::: Source material

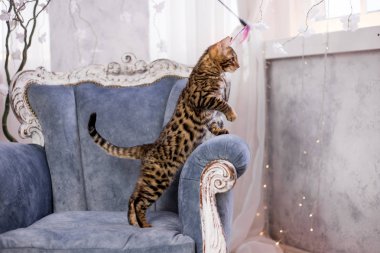 evde oynayan Bengal kedi görünümü 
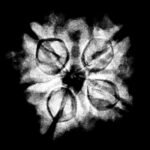 5 Muukhi Rudraksha 18.75 Mm X-Ray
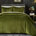 Feuilles vert olive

::::::

#### The task:
Retype the listing above exactly, please. Pictures do not belong in the copy.

#### Reply to the task:
 evde oynayan Bengal kedi görünümü 
 5 Muukhi Rudraksha 18.75 Mm X-Ray
 Feuilles vert olive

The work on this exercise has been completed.